TASK INSTRUCTIONS: Write out the full set of records exactly. Any pictures in them do not belong in the copy.

DATASET:
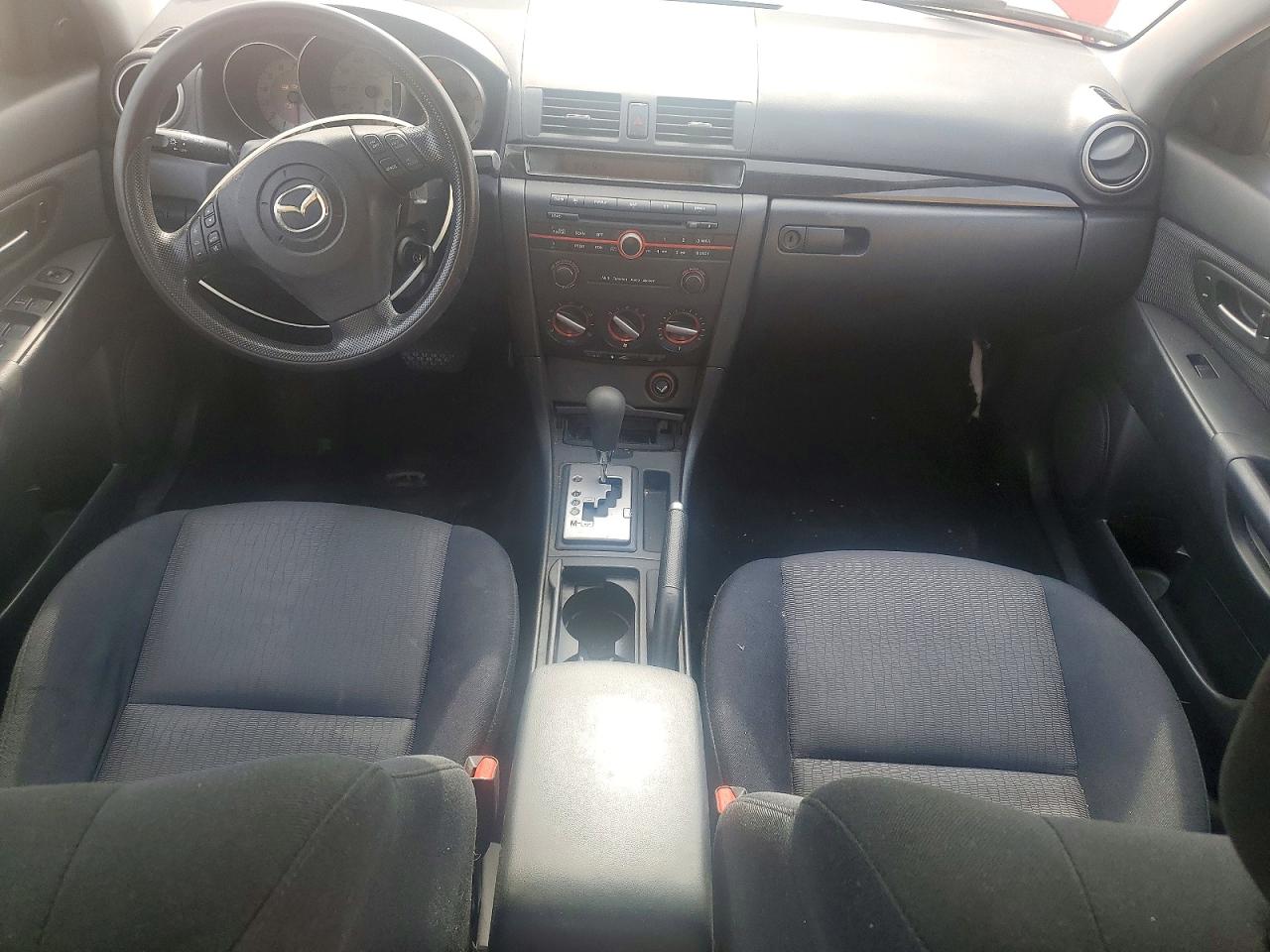 Mazda 3 I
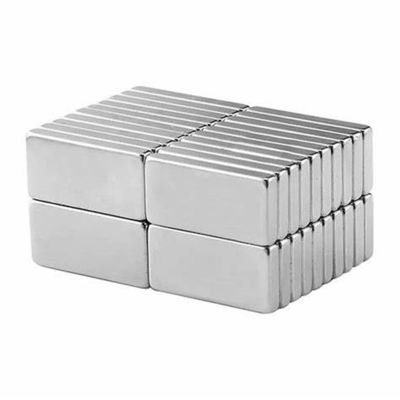 最大作業温度は80°C N52 ニンコーティングのネオジム磁石 50 x 25 x 15mm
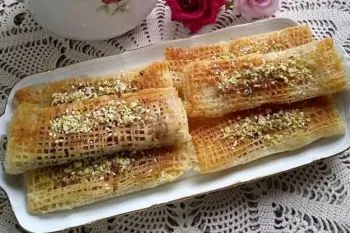 طرز تهیه رشته خشکار؛ رشته خشکار گیلانی شیرینی ترد و معطر شمالی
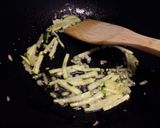 A picture of step 3 of Trofei al granchio e zafferano trofei with saffron and crab.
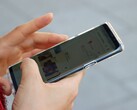Una mano regge uno smartphone Android su cui è visualizzata un’app di mappe.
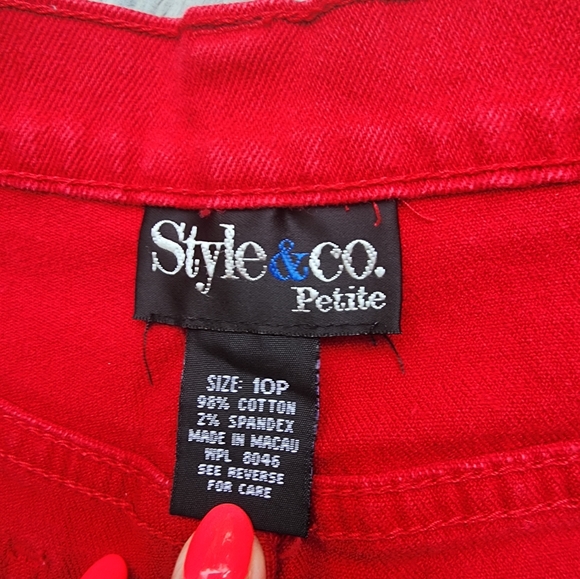 10p Red denim capris - Picture 3 of 10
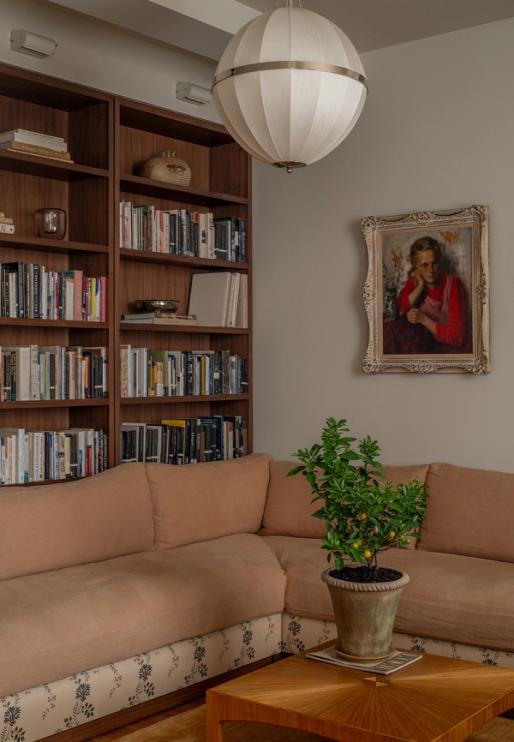 Fifth Avenue Apartment Library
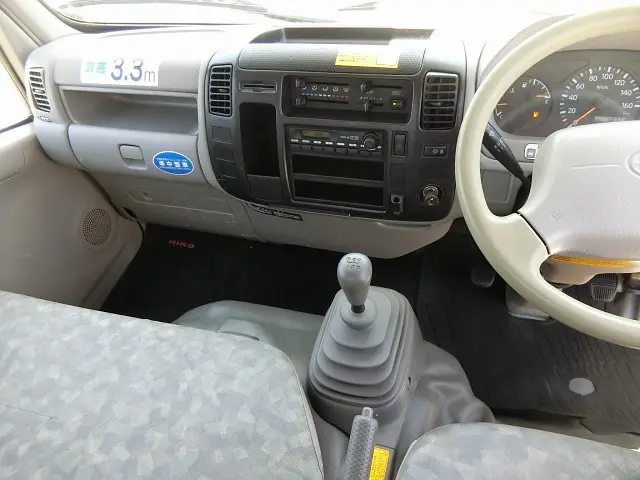 日野 デュトロ BDG-XZU304E(2WD)の写真19
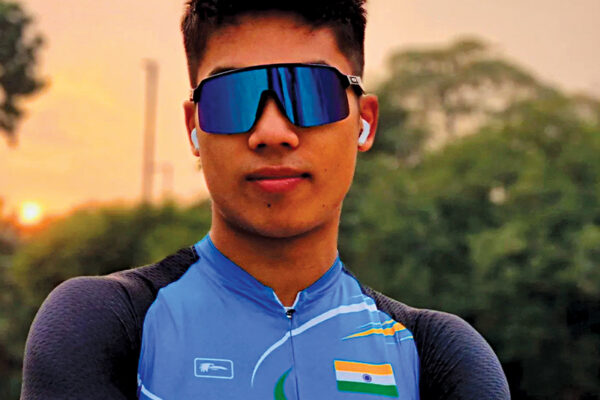 Ronaldo Singh Laitonjam Wins Cycling Silver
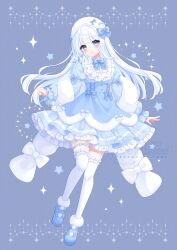  1girl blue_background blue_bow blue_bowtie blue_dress blue_eyes blue_nails blue_shoes blush bow bowtie closed_mouth commentary_request dress fingernails footwear_bow fur-trimmed_dress fur-trimmed_shoes fur_trim hat highres long_hair long_sleeves looking_at_viewer nail_polish original shoes smile solo stardrop thigh-highs thigh_strap twitter_username very_long_hair watermark white_hair white_hat white_thighhighs 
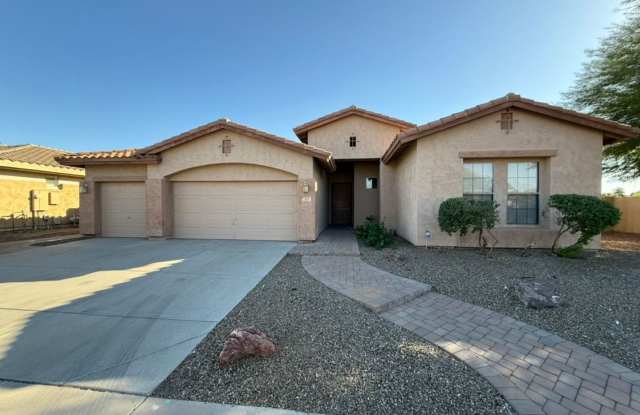 Beautiful 6 Bedroom - 4 Bath w/Private Pool  Basement - Chandler - 531 West Wildhorse Drive, Chandler, AZ 85286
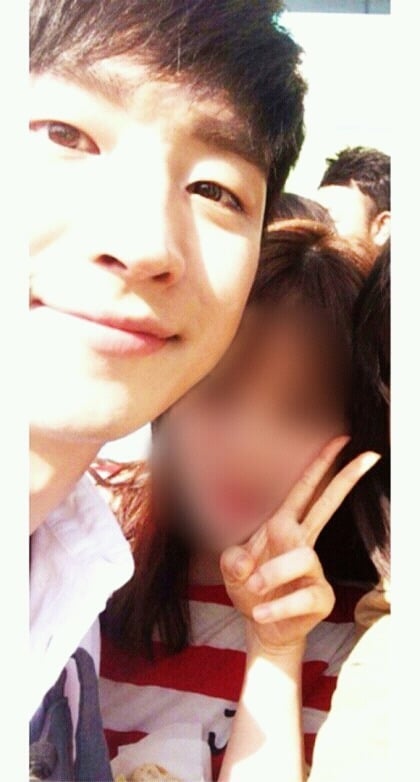 셀카같이 찍어줄때 완전 남친처럼 찍어주는 남자연예인 3대장 | 인스티즈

RESULT FOR THIS EXERCISE:
 Mazda 3 I
 最大作業温度は80°C N52 ニンコーティングのネオジム磁石 50 x 25 x 15mm
 طرز تهیه رشته خشکار؛ رشته خشکار گیلانی شیرینی ترد و معطر شمالی
 A picture of step 3 of Trofei al granchio e zafferano trofei with saffron and crab.
Una mano regge uno smartphone Android su cui è visualizzata un’app di mappe.
 10p Red denim capris - Picture 3 of 10
 Fifth Avenue Apartment Library
 日野 デュトロ BDG-XZU304E(2WD)の写真19
 Ronaldo Singh Laitonjam Wins Cycling Silver
  1girl blue_background blue_bow blue_bowtie blue_dress blue_eyes blue_nails blue_shoes blush bow bowtie closed_mouth commentary_request dress fingernails footwear_bow fur-trimmed_dress fur-trimmed_shoes fur_trim hat highres long_hair long_sleeves looking_at_viewer nail_polish original shoes smile solo stardrop thigh-highs thigh_strap twitter_username very_long_hair watermark white_hair white_hat white_thighhighs 
 Beautiful 6 Bedroom - 4 Bath w/Private Pool  Basement - Chandler - 531 West Wildhorse Drive, Chandler, AZ 85286
 셀카같이 찍어줄때 완전 남친처럼 찍어주는 남자연예인 3대장 | 인스티즈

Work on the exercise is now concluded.